An extended, 18-month examination cycle will apply to more banks under joint interim final rules issued Thursday by federal banking regulators and set to take effect upon publication in the Federal Register.
The rules implement a provision of the Economic Growth, Regulatory Relief, and Consumer Protection Act (EGRRCPA, S. 2155), which won final passage in Congress and was signed by the president in May. The act applies an 18-month exam cycle to banks with less than $3 billion in assets, up from the current $1 billion threshold.
The regulators – Federal Reserve Board, Office of the Comptroller of the Currency (OCC) and Federal Deposit Insurance Corp. (FDIC) – issued a joint release Thursday on the interim final rules, which will also be out for a 60-day comment period.
Like the current requirement, the extended cycle under this interim final rule provides that an exam will be conducted for a qualified institution with less than $3 billion in assets “not less than once” during an 18-month period (instead of not less than once in a 12-month period). A “qualified” bank generally is well capitalized and well managed, the agencies note.

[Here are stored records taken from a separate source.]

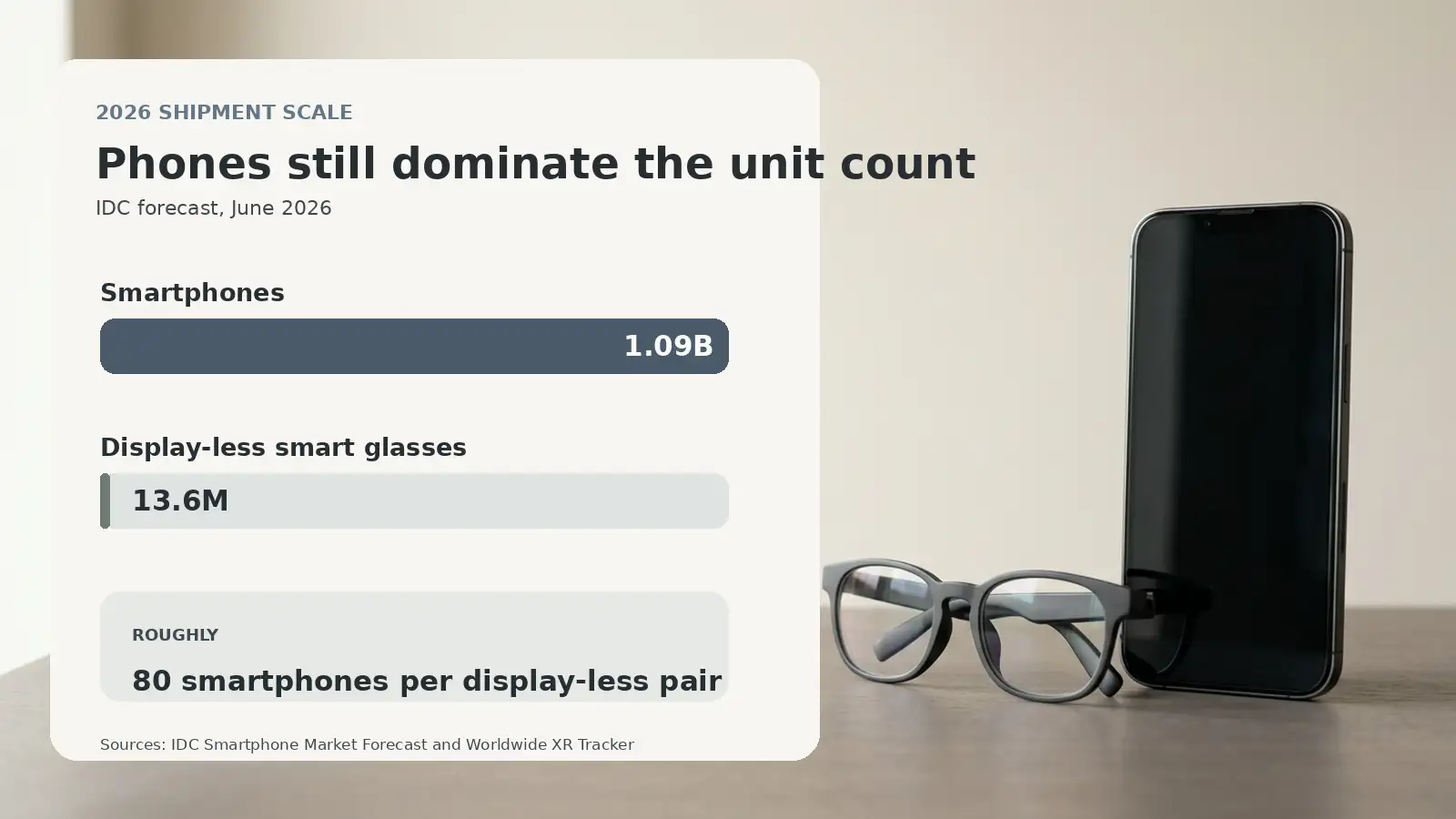 Chart comparing 1.09 billion smartphones with 13.6 million display-less smart glasses forecast to ship in 2026.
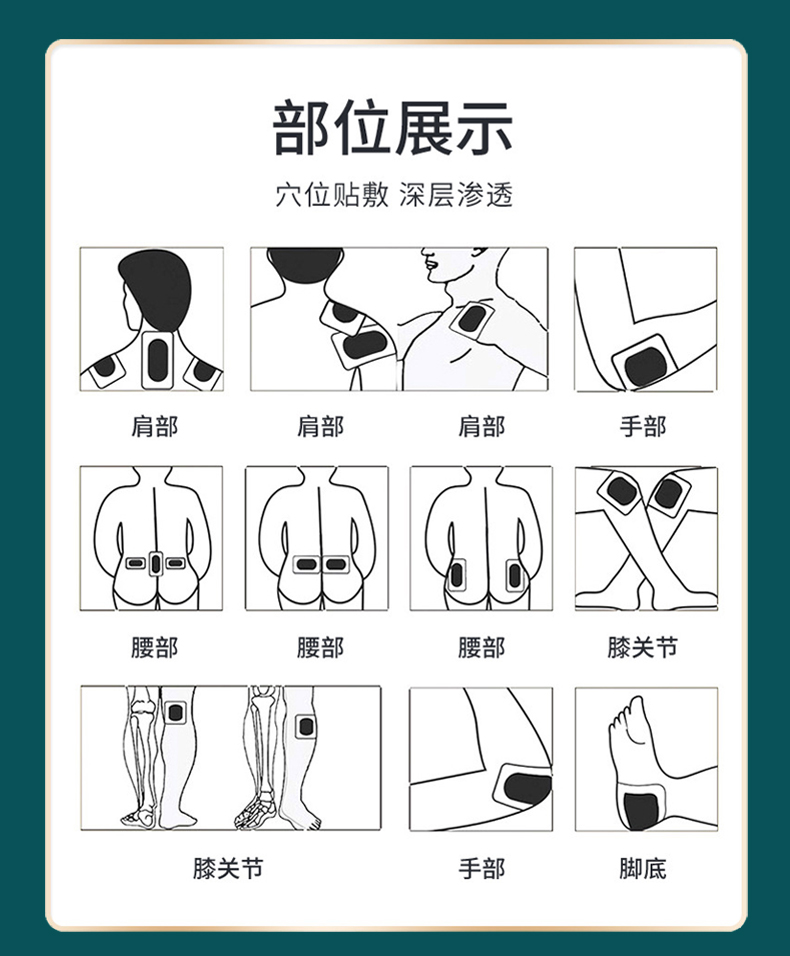 穴位贴敷位置示意图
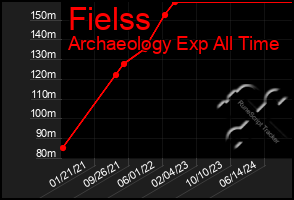 Total Graph of Fielss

Currently, a bank under $1 billion must have an “outstanding” composite rating to qualify for an extended, 18-month exam cycle. Under the interim rule, and through the exercise of the agencies’ current, discretionary statutory authority, qualifying banks under $3 billion that have an “outstanding” or “good” composite rating will be eligible for the extended cycle.
The agencies also note that, in order to qualify for an 18-month examination cycle, any insured depository institution with total assets under $3 billion – including one with a composite rating of “good” – must meet other capital, managerial, and supervisory criteria (set forth in section 10(d) of the Federal Deposit Insurance Act and the agencies’ implementing regulations).
The agencies say an estimated 420 banks and savings associations could qualify for the extended cycle under the interim final rule, which would bring the total number eligible to 4,798. About 33 U.S. branches and agencies of foreign banks would also be eligible, they said.